Но это было потом. А сейчас, пропустив его мимо ушей, Репьев разговаривал и разговаривал с Мариной — они так давно не виделись, так давно! И когда он сказал ей главное, а она ответила ему тем же, Репьев ощутил такой взлет духа, что сердце, казалось, не выдержит высоты, на какую вознесло его воображение. Репьев остановился, чтобы отдышаться, и замер, пораженный абсолютной, до звона в ушах тишиной, возможной лишь в глубокой, глубокой шахте, куда не достигают земные звуки.
ОТВАЖНЫЕ СЕРДЦА
Владимир Евграфович Мухин (родился в 1916 г.) очень рано, с 14 лет, начал трудиться и навсегда связал свою жизнь с горнопроходческой профессией: работал на строительстве метро, в 1940 г. окончил Московский горный институт, инженерный опыт приобрел на шахтах Киргизии, затем его послали на восстановление угольных шахт Донбасса, после чего он долгое время работал горноспасателем, совмещая эту работу с творческой деятельностью. (Его перу принадлежат поэтические сборники «Стихотворения», 1952; «Заветное желание», 1954; «Был такой случай», 1956; «Друзьям-шахтерам», 1960; «Высокое звание», 1901; «Земные звезды», 1966; «Куртка шахтера», 1969; «Не перестану удивляться», 1974; документальная повесть «Поднадзорный Черницын» и др.)

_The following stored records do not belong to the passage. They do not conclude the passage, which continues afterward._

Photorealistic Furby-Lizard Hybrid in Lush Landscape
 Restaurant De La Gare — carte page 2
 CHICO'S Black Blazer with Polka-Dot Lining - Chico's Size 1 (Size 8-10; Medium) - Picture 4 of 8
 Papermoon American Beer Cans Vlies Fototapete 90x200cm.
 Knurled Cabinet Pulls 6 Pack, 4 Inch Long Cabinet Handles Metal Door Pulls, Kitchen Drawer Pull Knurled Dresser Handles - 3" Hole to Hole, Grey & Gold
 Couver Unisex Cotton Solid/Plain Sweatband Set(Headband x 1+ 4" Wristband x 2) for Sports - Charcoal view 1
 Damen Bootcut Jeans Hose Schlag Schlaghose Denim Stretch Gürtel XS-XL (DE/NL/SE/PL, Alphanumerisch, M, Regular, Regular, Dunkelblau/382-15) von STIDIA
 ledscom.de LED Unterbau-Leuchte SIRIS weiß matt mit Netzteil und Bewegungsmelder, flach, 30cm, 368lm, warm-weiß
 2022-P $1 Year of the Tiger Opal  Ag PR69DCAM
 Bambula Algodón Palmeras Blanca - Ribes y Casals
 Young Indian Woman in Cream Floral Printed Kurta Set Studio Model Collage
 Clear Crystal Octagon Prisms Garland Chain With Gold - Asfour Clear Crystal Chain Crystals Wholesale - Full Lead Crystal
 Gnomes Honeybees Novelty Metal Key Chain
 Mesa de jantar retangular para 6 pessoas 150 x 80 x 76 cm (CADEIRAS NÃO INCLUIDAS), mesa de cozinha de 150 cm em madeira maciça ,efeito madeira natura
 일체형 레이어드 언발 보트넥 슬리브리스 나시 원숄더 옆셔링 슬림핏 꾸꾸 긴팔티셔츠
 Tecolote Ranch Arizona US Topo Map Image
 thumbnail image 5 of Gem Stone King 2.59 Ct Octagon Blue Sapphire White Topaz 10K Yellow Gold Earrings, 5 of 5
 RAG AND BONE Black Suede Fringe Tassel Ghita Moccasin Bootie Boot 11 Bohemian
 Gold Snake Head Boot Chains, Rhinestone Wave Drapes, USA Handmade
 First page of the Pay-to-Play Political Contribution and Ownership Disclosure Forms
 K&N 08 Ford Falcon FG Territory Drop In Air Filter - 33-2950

Жизненных наблюдений В. Мухину, немало испытавшему на своем веку и бед, и радостей, не занимать. Именно этим во многом объясняется богатство фактического содержания и героическая напряженность сюжета его нового произведения — романа «Внезапный выброс», премированного на конкурсе ВЦСПС и СП СССР на лучшее произведение художественной прозы о современном советском рабочем классе (1980 г.).
Роман впечатляет не только потому, что сами события, воплощенные в нем, документально достоверны. Главное — перед нами истинно художественное произведение, созданное по законам образной детализации и обобщения явлений жизни советских тружеников.
В книге Владимира Мухина ощутимо бьется напряженный пульс большого трудового коллектива, она проникнута любовью к людям, чья повседневная работа может быть приравнена к бою. Автор недаром сравнивает шахтеров, которые собираются в подземной нарядной, с воинами на огневом рубеже, проверяющими своих соседей слева и справа, а горноспасатели с прожекторами светильников впереди, с респираторами за плечами напоминают ему «десантников, которых срочно перебрасывали на самый опасный участок фронта».
Как образно сказал о них молодой донецкий поэт Андрей Медведенко в своей книге «Тюльпаны у терриконов»:
И если даже солнце вдруг
остынет —
они свое под звездами
зажгут!
Эти слова о солнце, светящем в сердцах поистине героических советских рабочих — шахтеров и горноспасателей, — могли бы послужить эпиграфом к роману «Внезапный выброс».
В. Мухин сумел сохранить чувство эстетической меры, раскрывая подлинную драму преодоления попавшими в беду шахтерами черных сил безжалостной природной стихии. Он пишет о страданиях и стойкости этих людей без какого-либо налета натурализма или слезливой мелодраматичности — сурово и нежно, уважительно к их подвигу. Он перенес конфликт в сферу социально-нравственную, заглянул в души и прекрасных, самоотверженных людей вроде главного инженера Колыбенко или парторга шахты Комарникова, горного техника Марины Мануковой, и подлых трусов, интриганов, карьеристов — таких, как любитель червонцев Мурцало, хитрый и честолюбивый начальник участка Осыка, начальник технического отдела комбината Виктин, привыкший загребать жар чужими руками.